My understanding is that differentiating a sequence of independent random numbers simply doubles the variance, so $N(0,\sqrt{2})$ is equivalent $\textrm{diff }N(0,1)$. In Python terms the underlying distributions of np.random.randn(1000)*np.sqrt(2) and np.diff(np.random.randn(1001) are equivalent.
However, I get very different effects when I compare each distribution to $N(0,1)$. Because the means are equivalent, the null hypothesis is true and I would expect the p values to be uniformly distributed between 0 and 1.
This is the case when I compare $N(0,1)$ and $N(0,\sqrt{2})$. With 10,000 tests, around 100 false positives are triggered for p<0.01, as expected.
import numpy as np
import matplotlib.pyplot as plt
num_trials = 10000
wilcoxon_p = [stats.wilcoxon(np.random.randn(1000)*np.sqrt(2),
np.random.randn(1000)).pvalue for _ in xrange(num_trials)]
plt.figure()
plt.hist(wilcoxon_p, bins=100)
plt.title('Two Normal Distributions')
plt.xlabel('P value')
The p-value is uniformly distributed comparing N(0,1) and N(0,sqrt(2)
However, when $N(0,1)$ and $\textrm{diff }N(0,1)$ are compared, no false positives are triggered and the distribution of p values is very different.
num_trials = 10000
wilcoxon_p = [stats.wilcoxon(np.diff(np.random.randn(1001)),
np.random.randn(1000)).pvalue for _ in xrange(num_trials)]
plt.figure()
plt.hist(wilcoxon_p, bins=100)
plt.title('A normal and differentiated normal distribution.')
plt.xlabel('P value')
The P values appear linearly distributed between zero and one comparing N(0,1) and diff(N(0,1)).
I don’t understand what can be causing this effect. I get similar results when using MATLAB, so I expect the effect to be mathematical, not programming language specific. It doesn’t appear to be simply an issue with converting between the test statistic and p values, as that should be comparable between the two systems.

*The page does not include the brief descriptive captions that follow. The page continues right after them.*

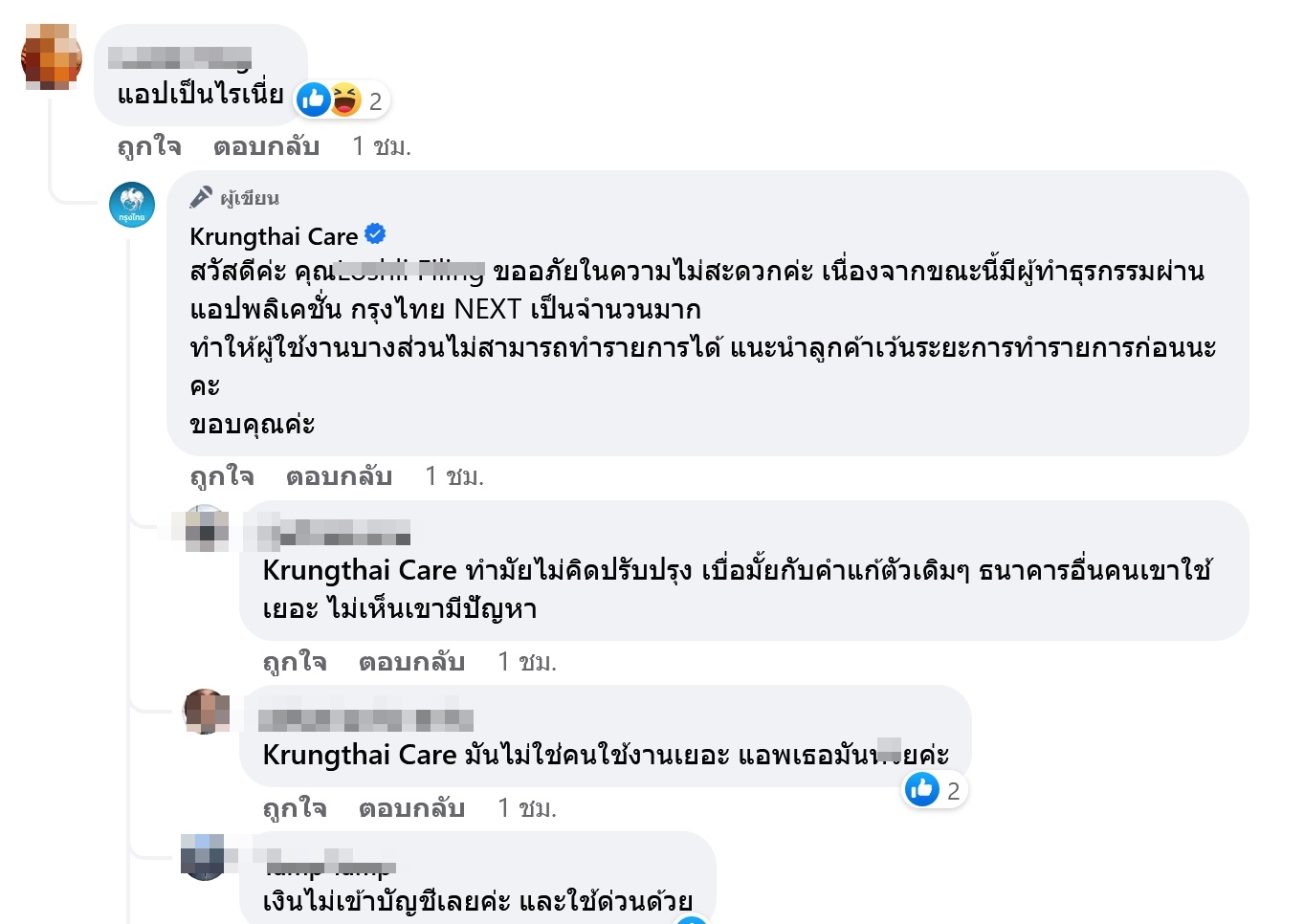 ธนาคารล่มวันหวยออก! ชาวเน็ตโอดแอปฯขัดข้อง จนติดเทรนด์ทวิตเตอร์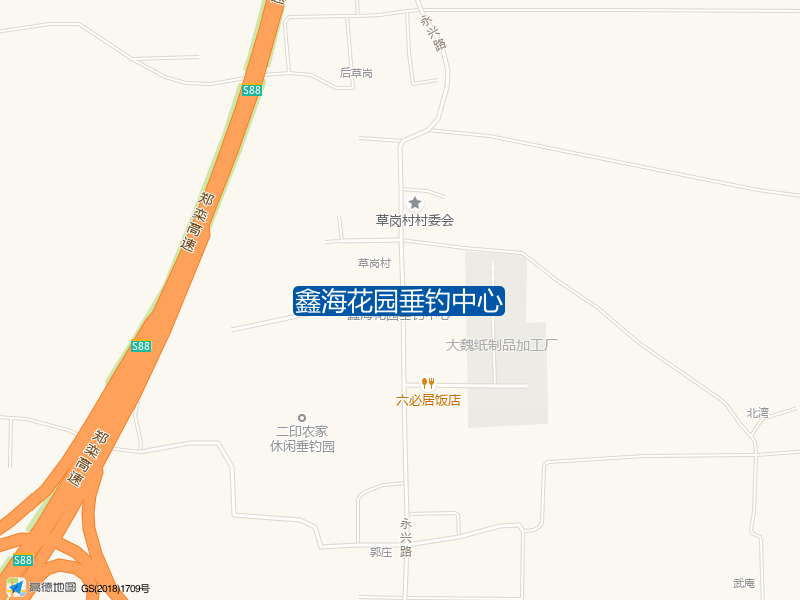 鑫海花园垂钓中心钓点照片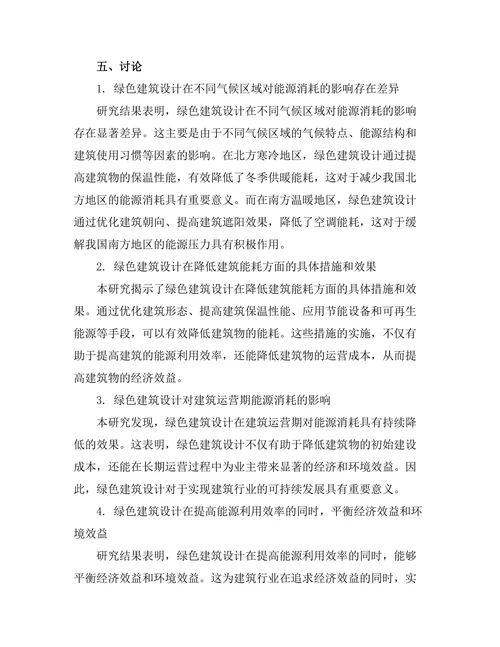 绿色建筑设计对能源消耗的影响研究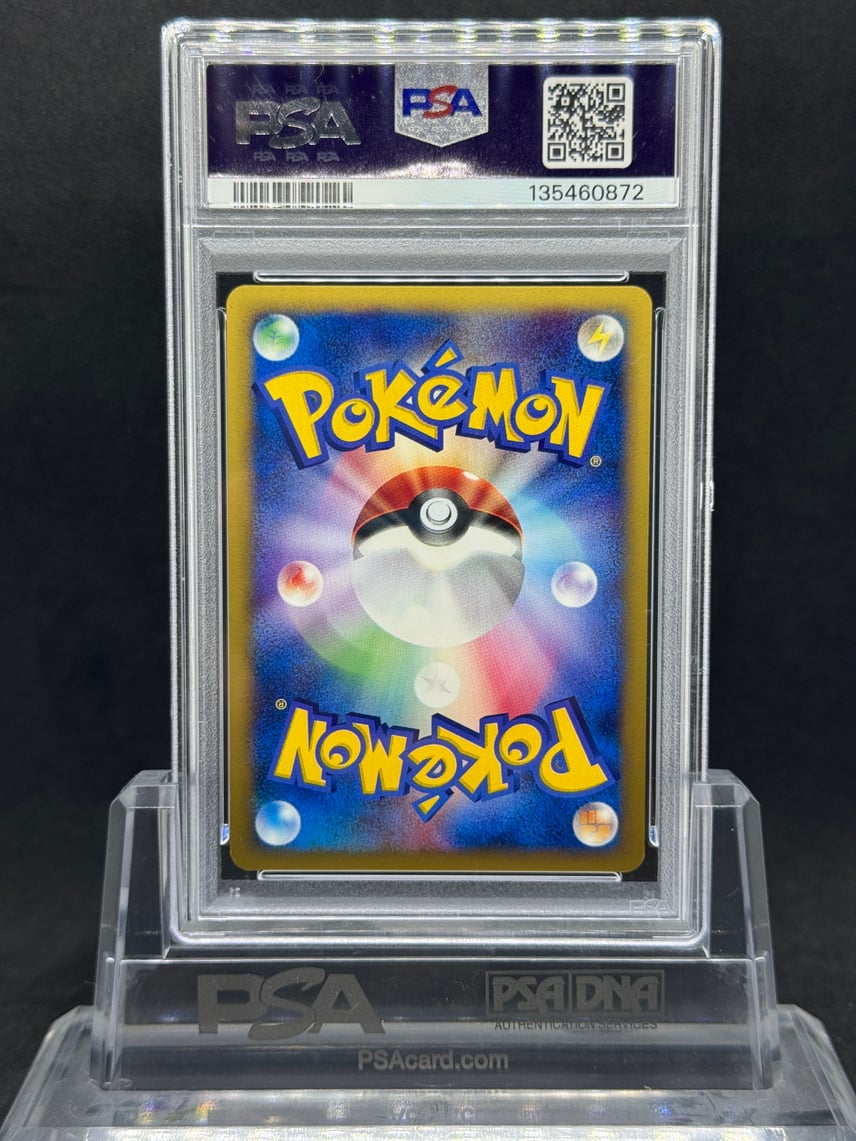 リザードン ☆ 第1弾拡張パック psa8 ポケモンカードe リザードン リザードン ☆ 第1弾拡張パック psa8 ポケモンカードe リザードン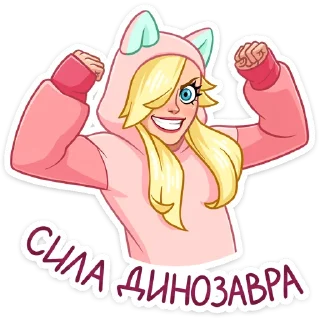 🦖 emoji Лина - @stickers_vk Telegram sticker 10 of 48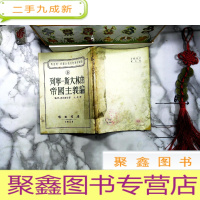 正 九成新马克思·列宁主义思想学习译丛 5《列宁-斯大林的帝国主义论》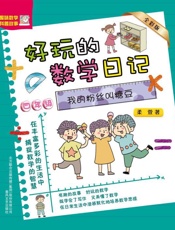好玩的数学日记　四年级　我的粉丝叫糖豆（全彩版）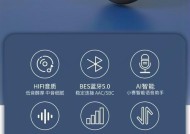 苹果蓝牙耳机低音效果如何？低音调节方法是什么？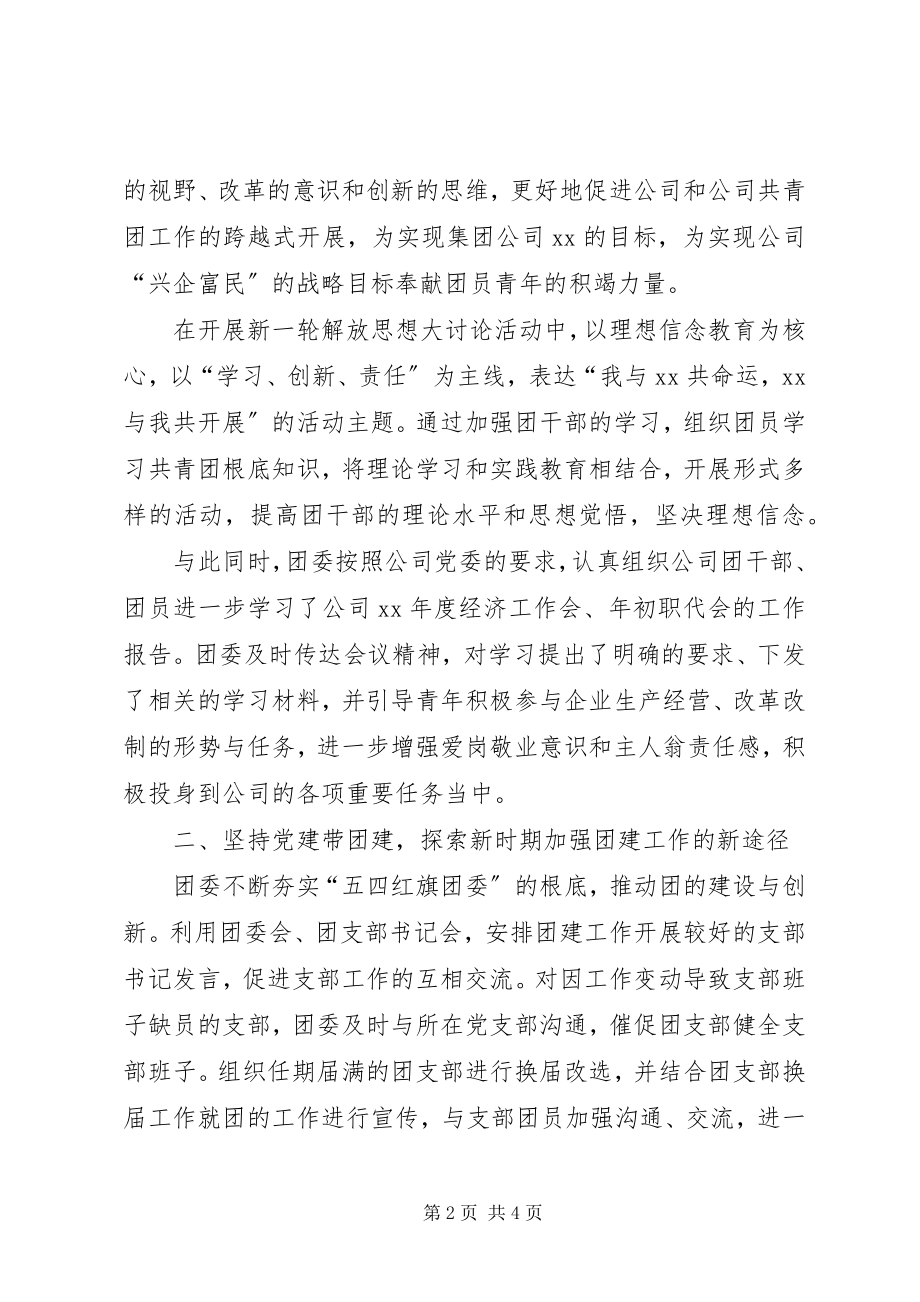 2023年商丘铝厂团委上半年工作总结.docx_第2页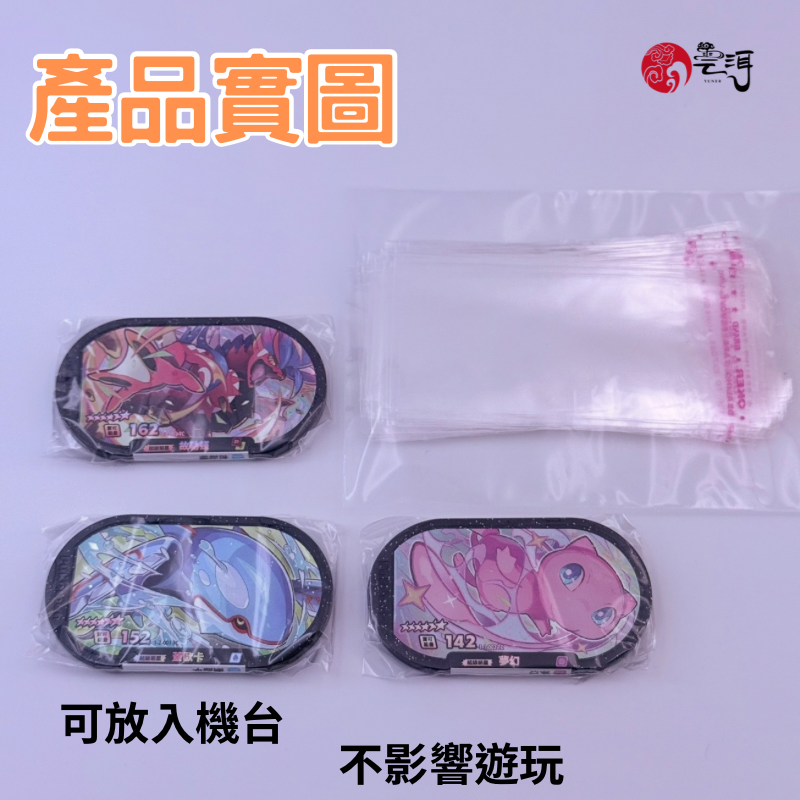 台灣現貨 明耀之星 卡匣 卡套 超合身 寶可夢 Mezastar 卡匣保護套 卡套 卡膜 卡磚 不影響使用-細節圖2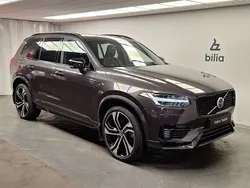 Grå Begagnad 2023 Volvo XC90 Ultimate SUV | 739 000 kr (Marknadspris)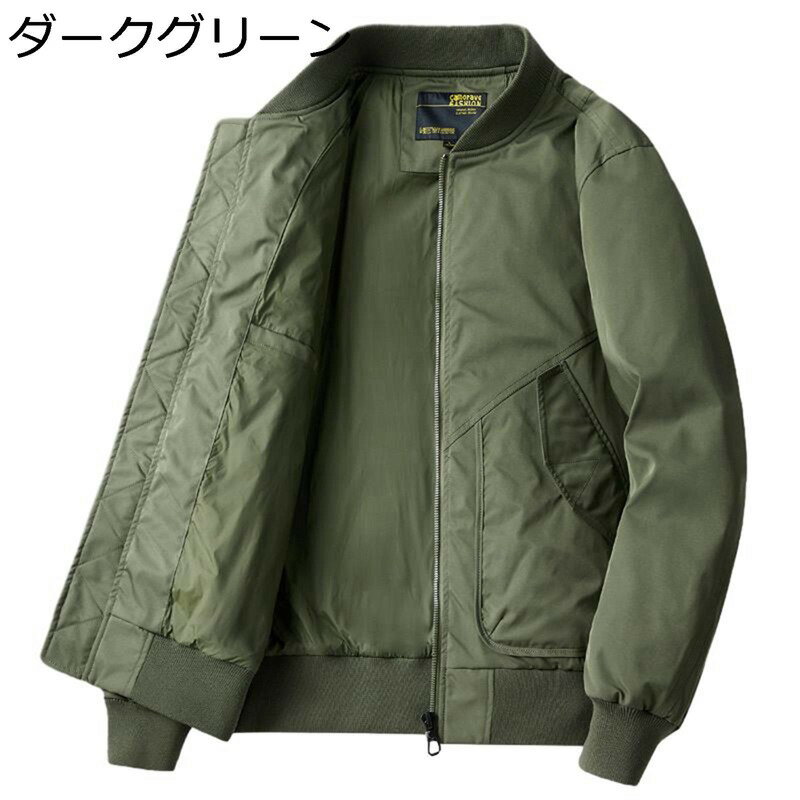 メンズ フライトジャケット 長袖 中綿ダウンジャケット MA-1 ショート ジャンパー 立ち襟 スタジャン ミリタリージャケット 防寒着 ブルゾン カジュアル 春秋冬 厚さ モード系 トレンド オフィス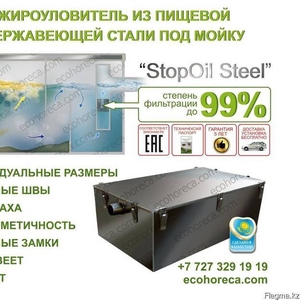 Жироуловитель под мойку-50 л 85 500 тенге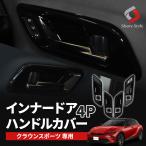 ショッピングインナー 【予約販売 5月下旬入荷予定】 クラウン スポーツ 専用 インナードアハンドルカバー 4p ピアノブラック ABS樹脂 内装 インテリア トヨタ カスタム パーツ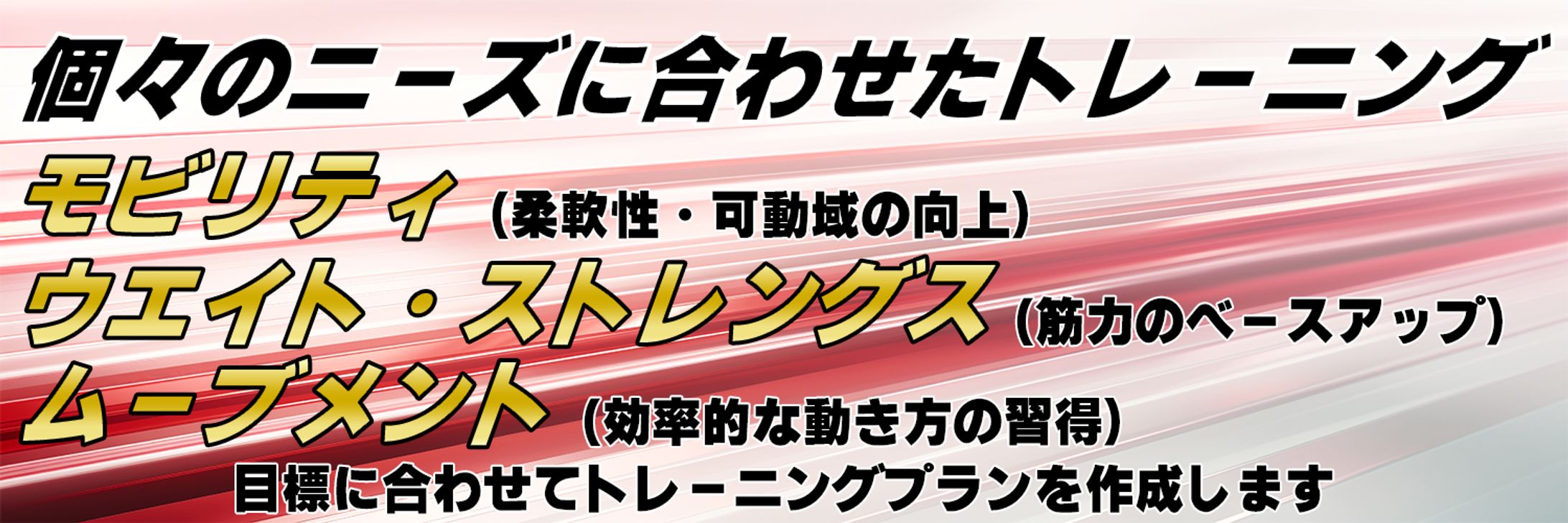HP用パーソナルトレーニング①-1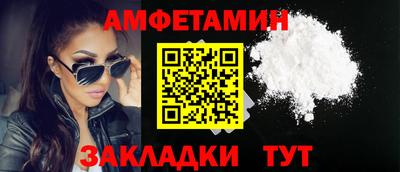 ПСИЛОЦИБИНОВЫЕ ГРИБЫ Ливны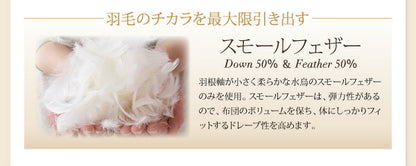 【新商品】9色から選べる 羽毛布団 8点セット グース ベッドタイプ キング10点セット 送料無料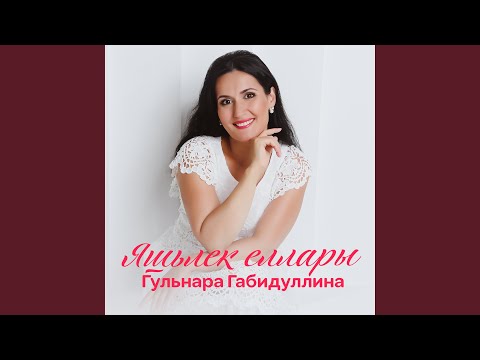 Видео: Яшьлек еллары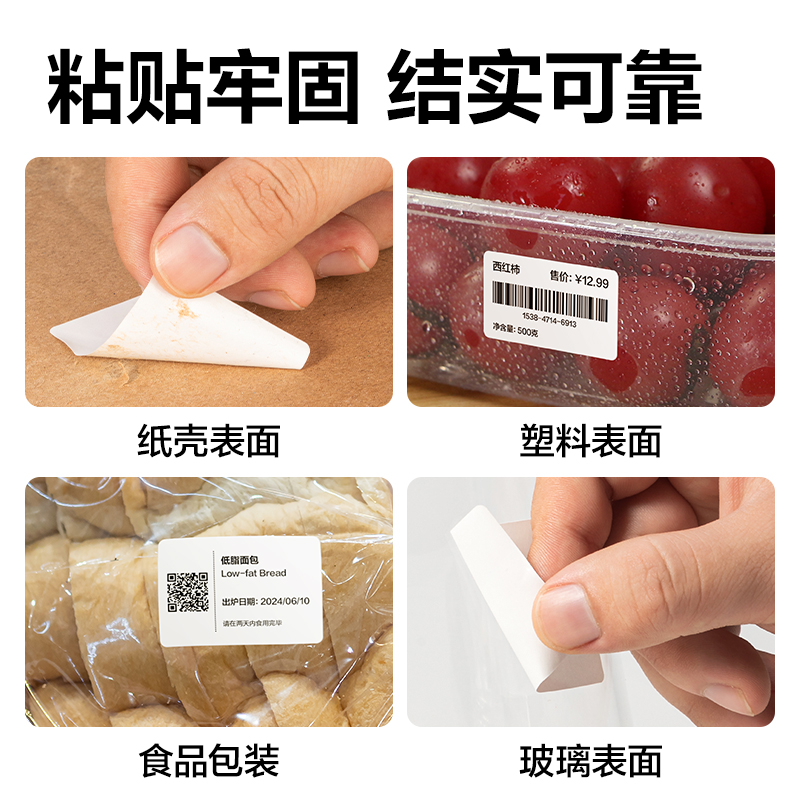 大众娱乐ZG352波罗海三防热敏标签纸40*60-640枚(白)(2卷/筒)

If it helps at all, I observed a similar effect in the Mann-Whitney U test.
Can someone explain where this difference comes from?
Found the answer to my own question after digging around. I had violated the assumption that each sample is independent of other samples. $\textrm{diff }N(0,1)$ is identically distributed to $N(0,\sqrt{2})$, but its samples are not independent, violating the assumptions of the test.
The expected behavior was seen when sampling every other difference (and thus, avoiding the correlation between adjacent samples). In pythonic form,
np.random.randn(1000)*np.sqrt(2)is equivalent tonp.diff(np.random.randn(2001))[0:-1:2].